Matt Webb, at the Emerging Technology Conference, introduces Glancing:
Glancing is an application to support small groups by simulating a very limited form of eye contact online. By small groups I mean about 2 to a dozen people. What I mean by eye contact hopefully I'll explain in the course of this talk. ... Telepresence is a huge topic ... In a nutshell, we're interested in the subjective feeling there are other people nearby, and that you all feel like the *same* people are there. That's social copresence. And presence is good because it does things like improve social judgement and improves learning ability and memory. All you really need for presence is to be able to detect the actions of another person on your computer. It can be anything above seeing whether the other person has turned the application on or not. Realism, little avatars or faces, isn't important. ... So right, I've being going on about small groups and visibility, but I want to put this in a wider context. The lack of easy sociability in cyberspace and the need to augment our senses to understand the online world, instead of just being able to interpret all this information naturally, isn't just a characteristic of, I don't know, certain applications like instant messaging.
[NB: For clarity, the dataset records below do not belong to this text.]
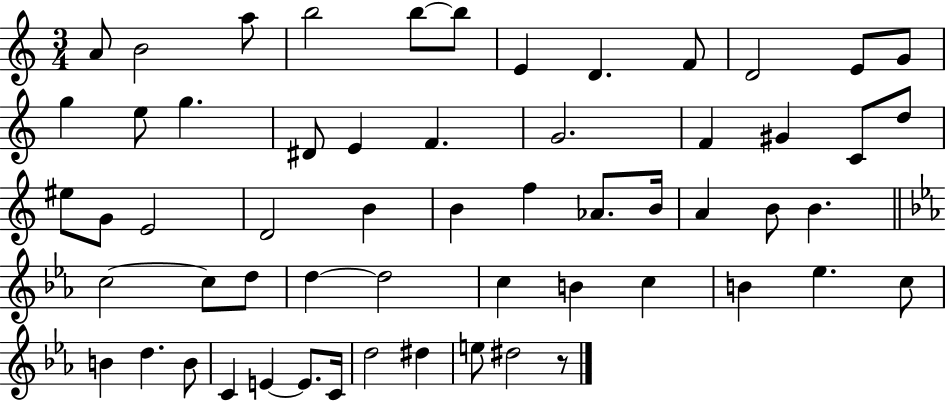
{
  \clef treble
  \numericTimeSignature
  \time 3/4
  \key c \major
  a'8 b'2 a''8 | b''2 b''8~~ b''8 | e'4 d'4. f'8 | d'2 e'8 g'8 | \break g''4 e''8 g''4. | dis'8 e'4 f'4. | g'2. | f'4 gis'4 c'8 d''8 | \break eis''8 g'8 e'2 | d'2 b'4 | b'4 f''4 aes'8. b'16 | a'4 b'8 b'4. | \break \bar "||" \break \key ees \major c''2~~ c''8 d''8 | d''4~~ d''2 | c''4 b'4 c''4 | b'4 ees''4. c''8 | \break b'4 d''4. b'8 | c'4 e'4~~ e'8. c'16 | d''2 dis''4 | e''8 dis''2 r8 | \break \bar "|."
}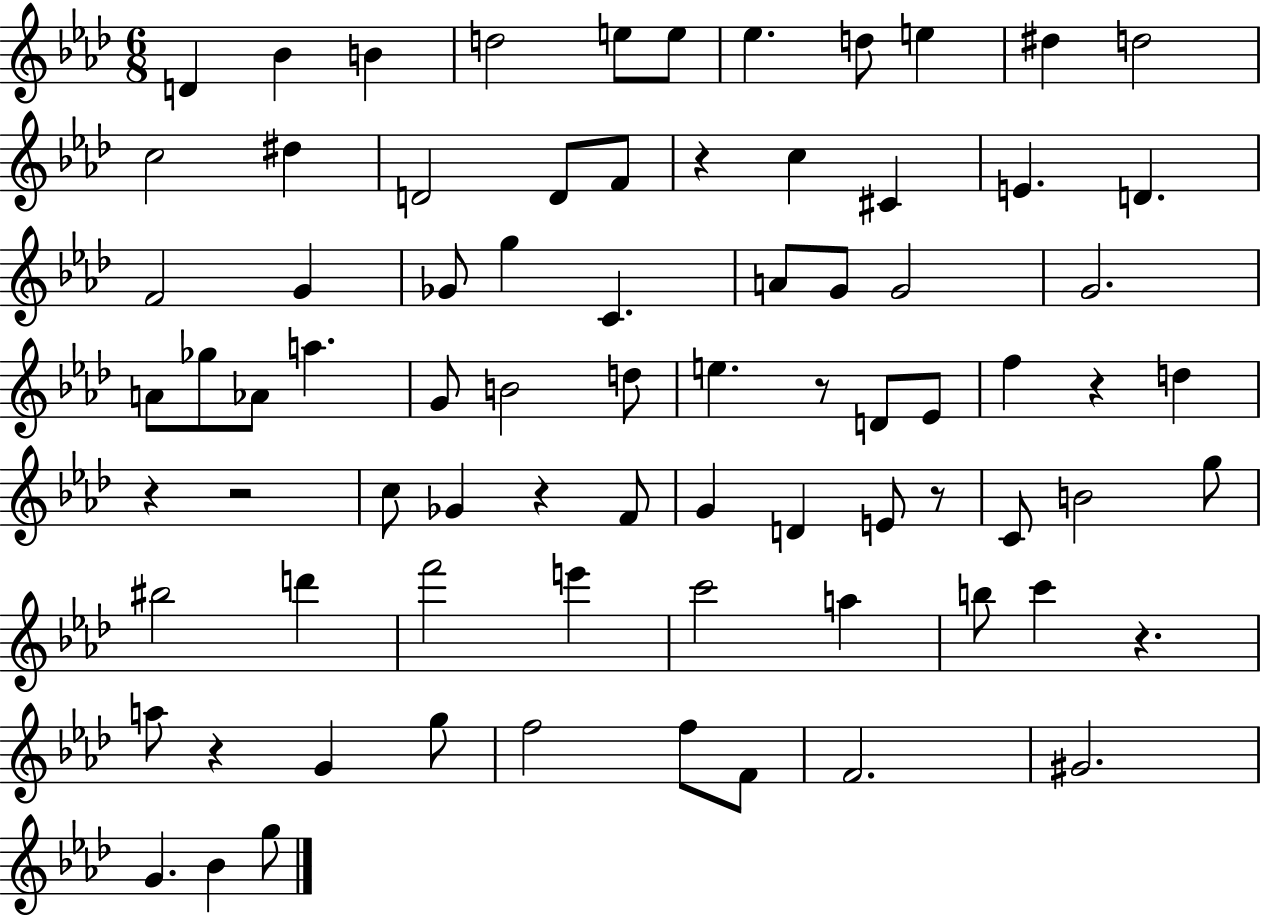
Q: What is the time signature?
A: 6/8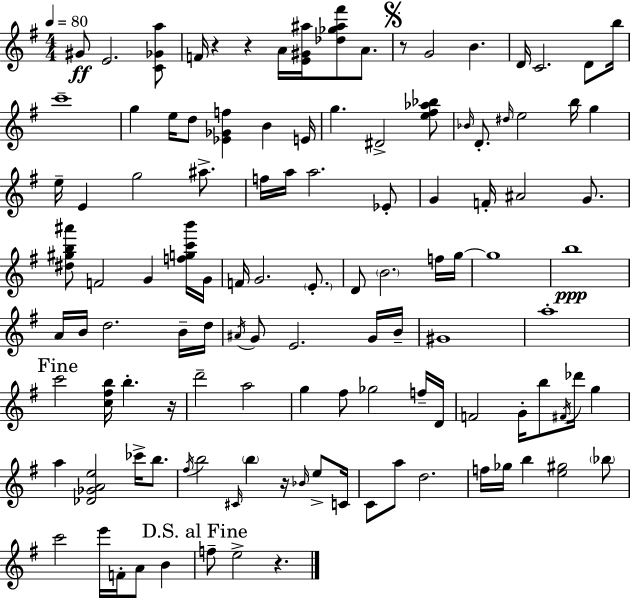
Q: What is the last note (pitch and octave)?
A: E5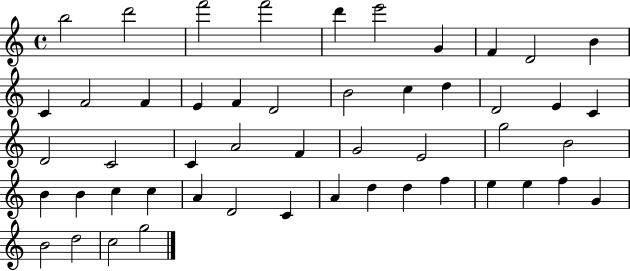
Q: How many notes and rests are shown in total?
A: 50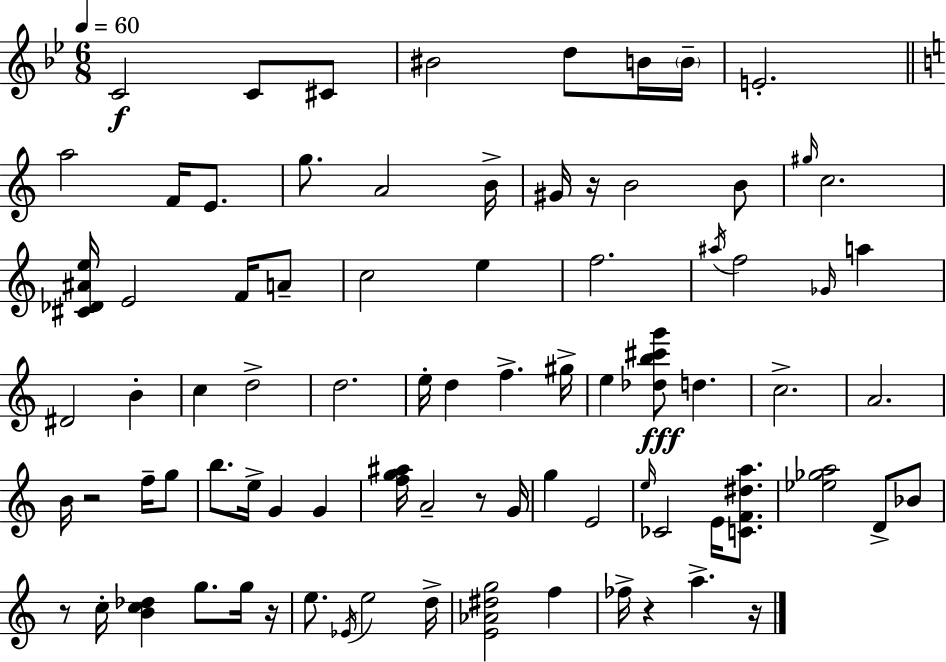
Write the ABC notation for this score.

X:1
T:Untitled
M:6/8
L:1/4
K:Bb
C2 C/2 ^C/2 ^B2 d/2 B/4 B/4 E2 a2 F/4 E/2 g/2 A2 B/4 ^G/4 z/4 B2 B/2 ^g/4 c2 [^C_D^Ae]/4 E2 F/4 A/2 c2 e f2 ^a/4 f2 _G/4 a ^D2 B c d2 d2 e/4 d f ^g/4 e [_db^c'g']/2 d c2 A2 B/4 z2 f/4 g/2 b/2 e/4 G G [fg^a]/4 A2 z/2 G/4 g E2 e/4 _C2 E/4 [CF^da]/2 [_e_ga]2 D/2 _B/2 z/2 c/4 [Bc_d] g/2 g/4 z/4 e/2 _E/4 e2 d/4 [E_A^dg]2 f _f/4 z a z/4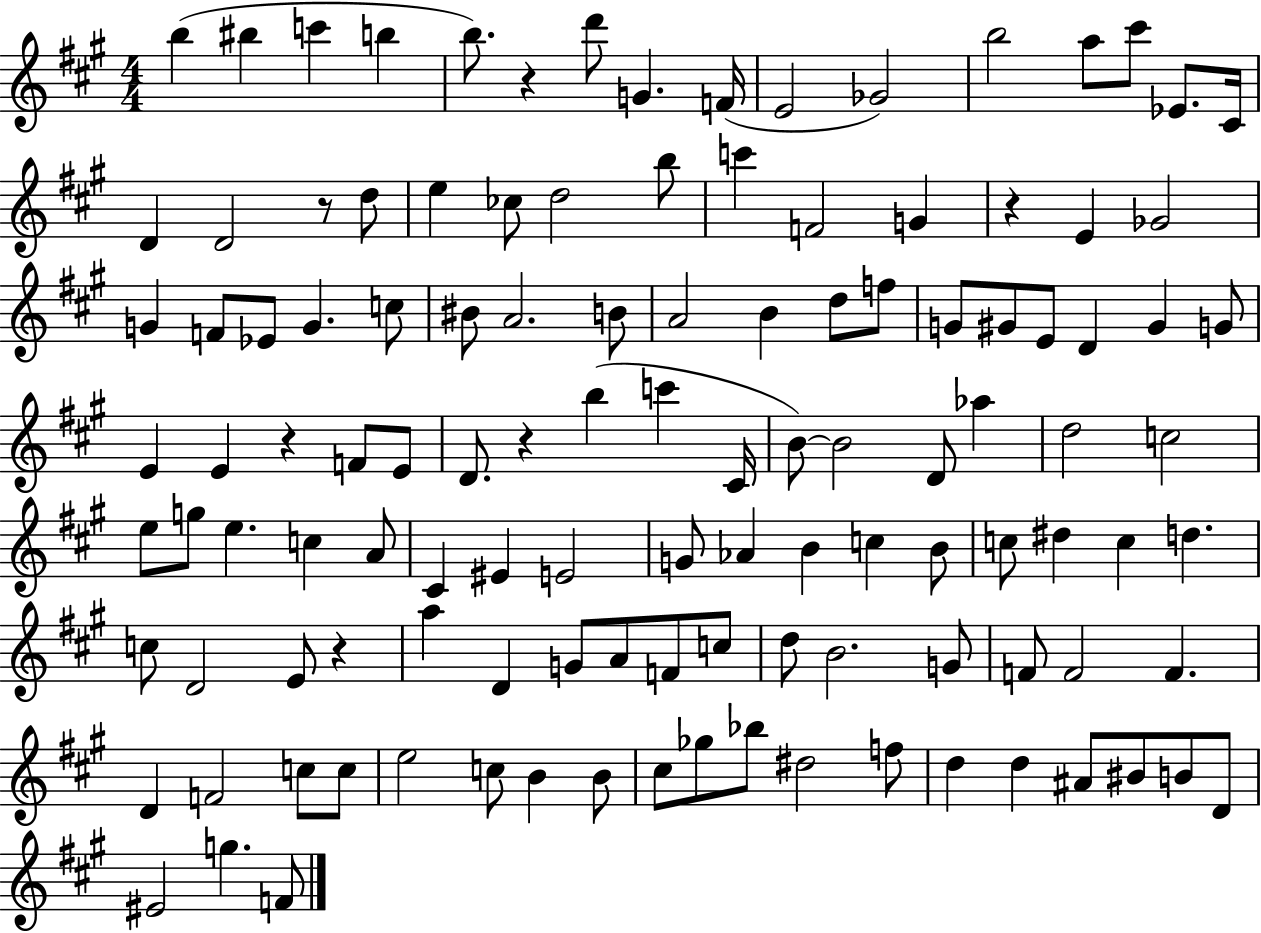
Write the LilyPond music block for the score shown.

{
  \clef treble
  \numericTimeSignature
  \time 4/4
  \key a \major
  b''4( bis''4 c'''4 b''4 | b''8.) r4 d'''8 g'4. f'16( | e'2 ges'2) | b''2 a''8 cis'''8 ees'8. cis'16 | \break d'4 d'2 r8 d''8 | e''4 ces''8 d''2 b''8 | c'''4 f'2 g'4 | r4 e'4 ges'2 | \break g'4 f'8 ees'8 g'4. c''8 | bis'8 a'2. b'8 | a'2 b'4 d''8 f''8 | g'8 gis'8 e'8 d'4 gis'4 g'8 | \break e'4 e'4 r4 f'8 e'8 | d'8. r4 b''4( c'''4 cis'16 | b'8~~) b'2 d'8 aes''4 | d''2 c''2 | \break e''8 g''8 e''4. c''4 a'8 | cis'4 eis'4 e'2 | g'8 aes'4 b'4 c''4 b'8 | c''8 dis''4 c''4 d''4. | \break c''8 d'2 e'8 r4 | a''4 d'4 g'8 a'8 f'8 c''8 | d''8 b'2. g'8 | f'8 f'2 f'4. | \break d'4 f'2 c''8 c''8 | e''2 c''8 b'4 b'8 | cis''8 ges''8 bes''8 dis''2 f''8 | d''4 d''4 ais'8 bis'8 b'8 d'8 | \break eis'2 g''4. f'8 | \bar "|."
}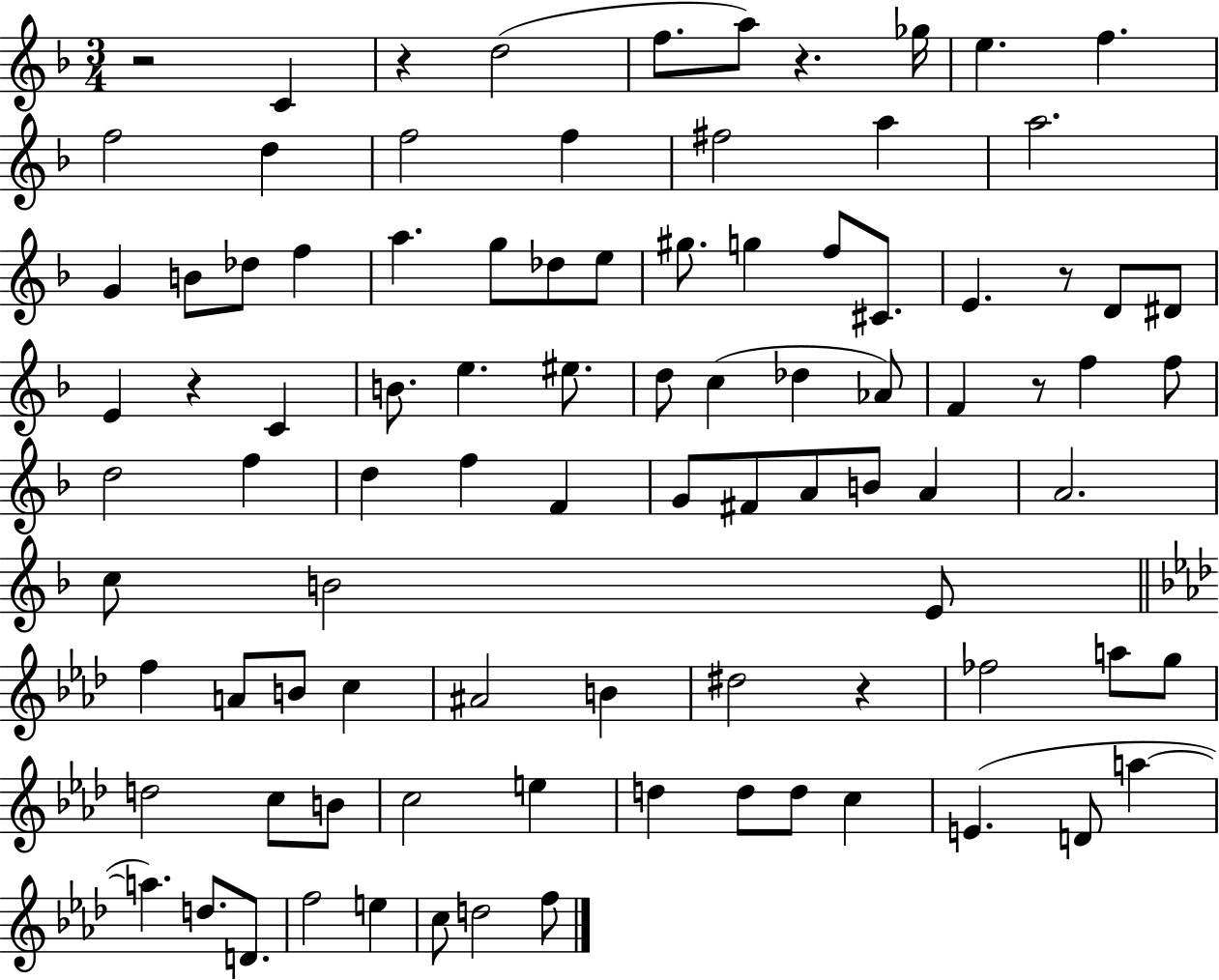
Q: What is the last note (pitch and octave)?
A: F5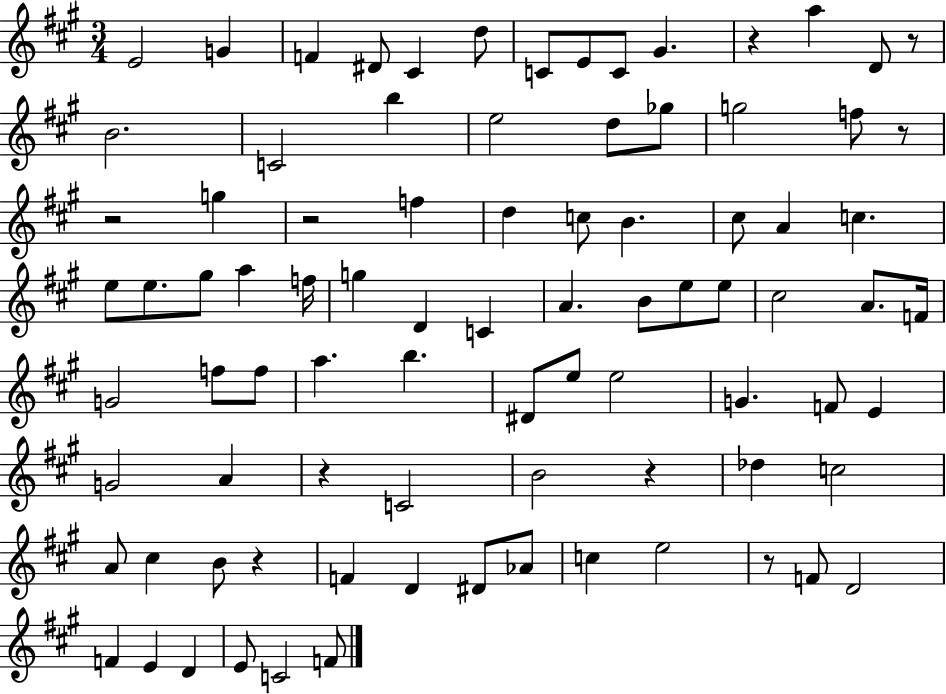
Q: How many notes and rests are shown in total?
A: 86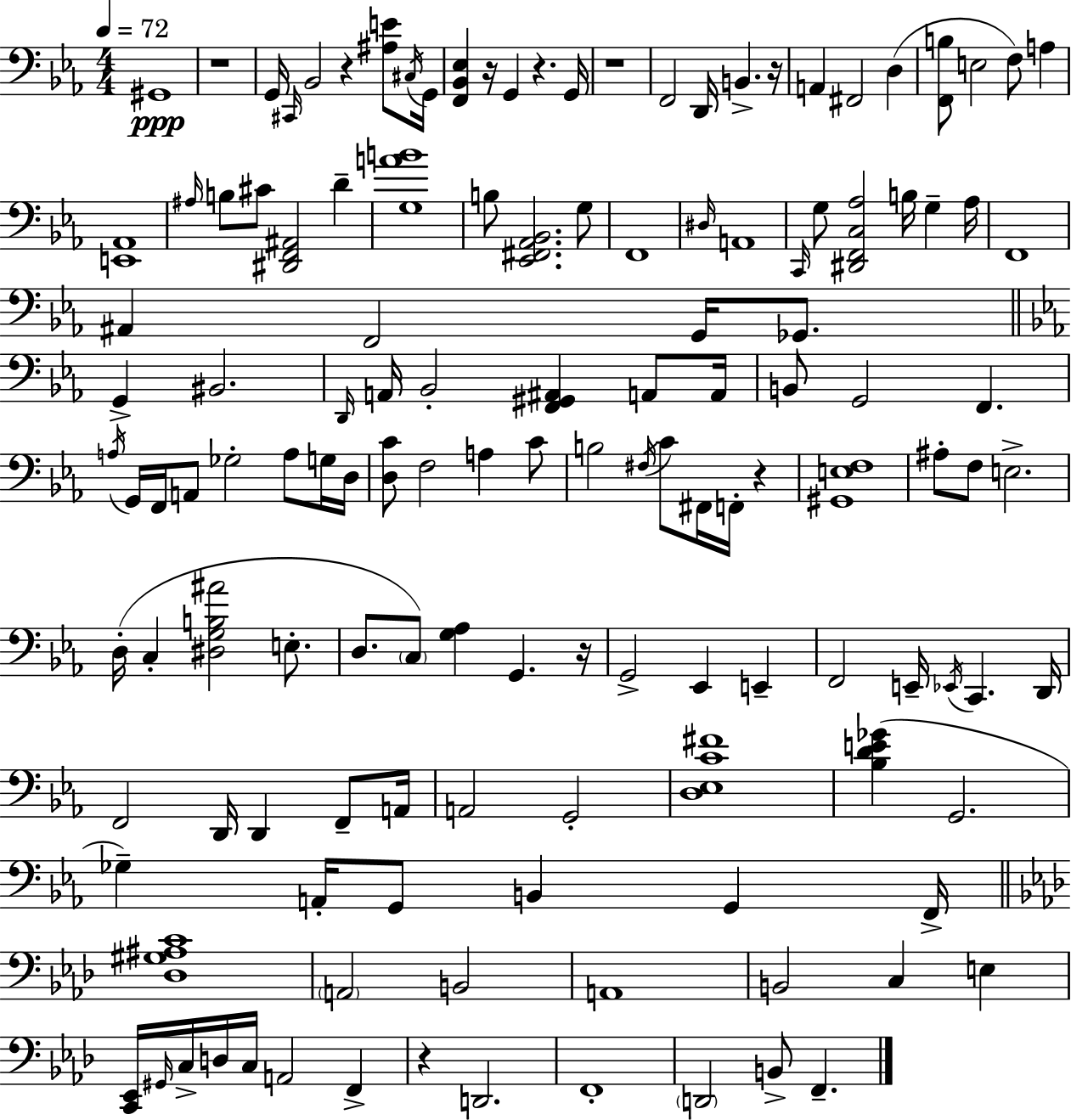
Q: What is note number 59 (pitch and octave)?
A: F#3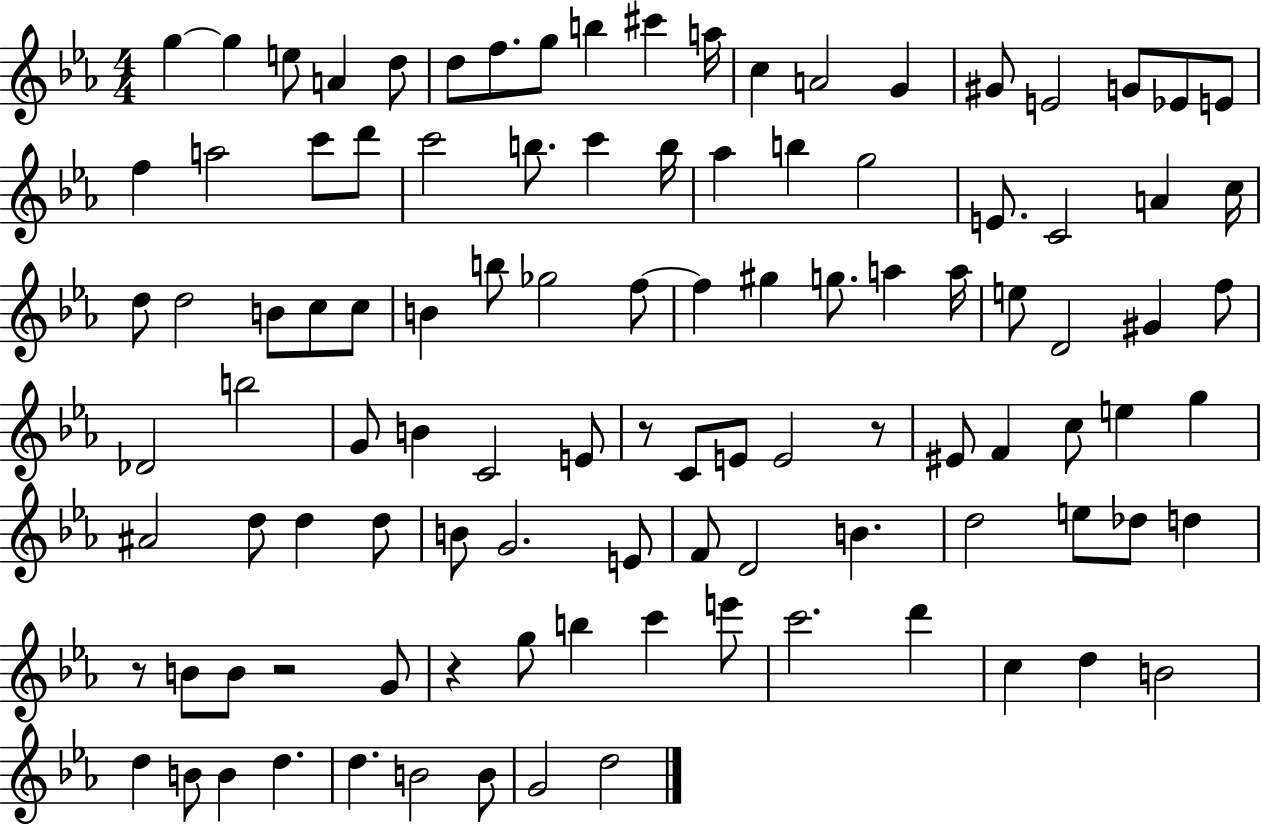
{
  \clef treble
  \numericTimeSignature
  \time 4/4
  \key ees \major
  g''4~~ g''4 e''8 a'4 d''8 | d''8 f''8. g''8 b''4 cis'''4 a''16 | c''4 a'2 g'4 | gis'8 e'2 g'8 ees'8 e'8 | \break f''4 a''2 c'''8 d'''8 | c'''2 b''8. c'''4 b''16 | aes''4 b''4 g''2 | e'8. c'2 a'4 c''16 | \break d''8 d''2 b'8 c''8 c''8 | b'4 b''8 ges''2 f''8~~ | f''4 gis''4 g''8. a''4 a''16 | e''8 d'2 gis'4 f''8 | \break des'2 b''2 | g'8 b'4 c'2 e'8 | r8 c'8 e'8 e'2 r8 | eis'8 f'4 c''8 e''4 g''4 | \break ais'2 d''8 d''4 d''8 | b'8 g'2. e'8 | f'8 d'2 b'4. | d''2 e''8 des''8 d''4 | \break r8 b'8 b'8 r2 g'8 | r4 g''8 b''4 c'''4 e'''8 | c'''2. d'''4 | c''4 d''4 b'2 | \break d''4 b'8 b'4 d''4. | d''4. b'2 b'8 | g'2 d''2 | \bar "|."
}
It's symptomatic of a much broader *cyberspace nature*, and I've got a couple of recommendations for where we should be looking to figure out what to do with this in the next few years. ... The idea is that by compressing complex data and presenting it in a way that minimises cognitive overhead, we can have a kind of background awareness of otherwise difficult to understand qualities.
This is a fascinating talk, containing far too much interesting, stimulating material to be summarised here without doing it a gross dis-service.